My father made it a point not to miss a Sunday Mass (Friday, actually, during his two decades in the Mid East.) During my vacations with him I was still obligated to attend even if I was then an adult and married. As per the norm during my childhood, he ‘sleeps’ during the rites. Sleeps, I say, because his eyes are always closed and I have caught him softly snoring several times. What amazes me is that he manages to stand, kneel, and sit at the correct instances. More amazing is he recites the priest’s parts (I think he does this to wake himself up and ensure he is following the right part of the Mass.) He doesn’t merely reply, he recites almost the whole Mass alongside the priest.
Growing up with a religious family and spending elementary and secondary years in a Catholic school, I regularly attended Mass and novenas during my childhood and early teen years. I also regularly visited three Churches during the week for Rosaries – Mondays in Tondo, Wednesdays in Baclaran, and Fridays in Quiapo. Sunday mornings were for Sunday Mass. Block Rosaries were also the norm. At five years old, I was already leading the Rosary in the neighborhood. Everyday there was the noon Angelus while the six p.m. was almost everyday. There were also visits to the Blessed Sacrament throughout the week, sometimes several times a day in different Churches. Also count in the visits to saints coupled with lighting a candle with a short prayer. The Holy Week and Simbang Gabi activities we adhere to regularly.

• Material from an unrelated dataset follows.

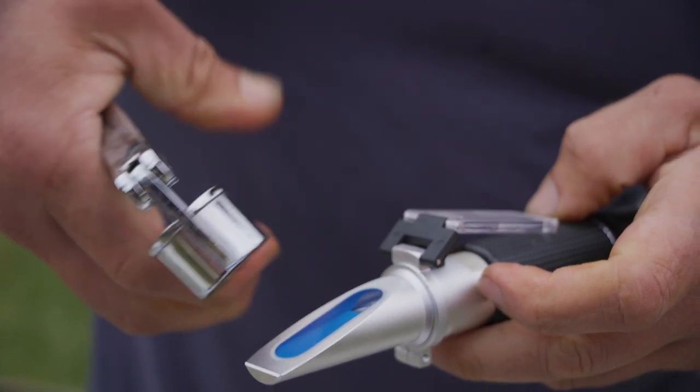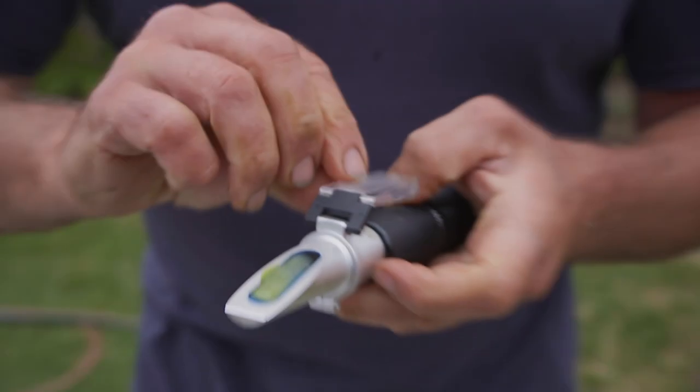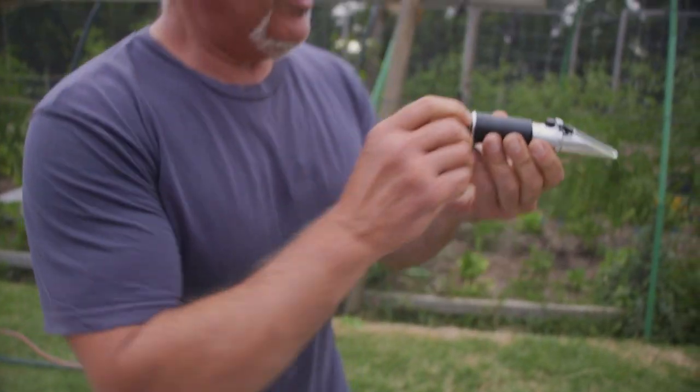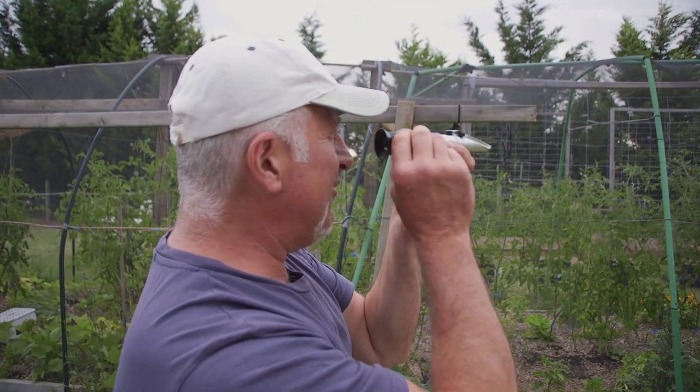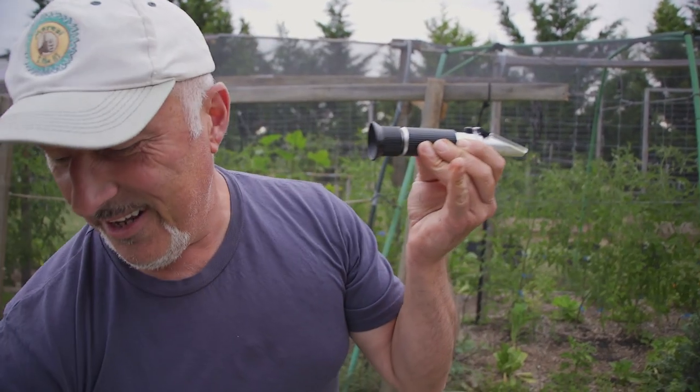Let's hope there's juice in this. Yes, there is. I'll put the cover plate on. Okay, here we go.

Everyday I was near several Churches, all within walking distance. Our house in Tayuman then is near the Espiritu Santo Church. My school in Taft has one Church and one chapel. After class, I either stay in the university in Quiapo where my mother taught or in my maternal grandparents’ fruit store in Blumentritt (San Roque Church) or their other fruit store in Baclaran.
But after leaving the Catholic school, my religious activities became almost nil. It coincided with the family crisis. It partially resumed when I enrolled my children in a Catholic school. Except for those school-sponsored religious activities, I did not willingly participated on any others. Holy Week and Simbang Gabi activities were not done regularly.

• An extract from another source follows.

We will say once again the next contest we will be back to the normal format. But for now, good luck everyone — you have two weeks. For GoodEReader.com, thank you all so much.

Six or seven years ago, I suddenly developed a desire to visit a monastery which I have been passing by a lot of times since we transferred here in Pampanga. It is a monastery known far and wide for its nook for lighting candles for prayer requests. I noticed two things there: (1) others recite the Prayer Before Lighting the Candle only once before lighting several candles all at once and (2) there was no instruction if the prayer was to be said before lighting a single candle or any number of candles.
My way is reciting the prayer with my own worded prayer and request before lighting a single candle. I always buy a dozen candles for every visit. I assign a candle for every member of my family amd a candle for all our dearly departed and a candle for a good friend who I feel needs a prayer at the time. So I spend about an hour or two in there that is why I make it a point to make the visit alone. But the visits are few and far between. It lost steam after about two or three years. It coincided with my father’s stroke.
About the same time, my sister and I made the effort to make the Holy Week and Simbang Gabi activities regular and complete. Other than those two occassions, I do not instigate any other religious activity for me and my family.
Since residing here in Pampanga, I rarely get to hear an English Mass. More than two decades here and I still reply to the priest in English. I also find myself doing what my father did, reciting the priest’s parts but not because it helps me keep awake but to hear the English version.
All these religious activities and yet…
Do I believe in the Catholic’s God? I believe in a higher being/power.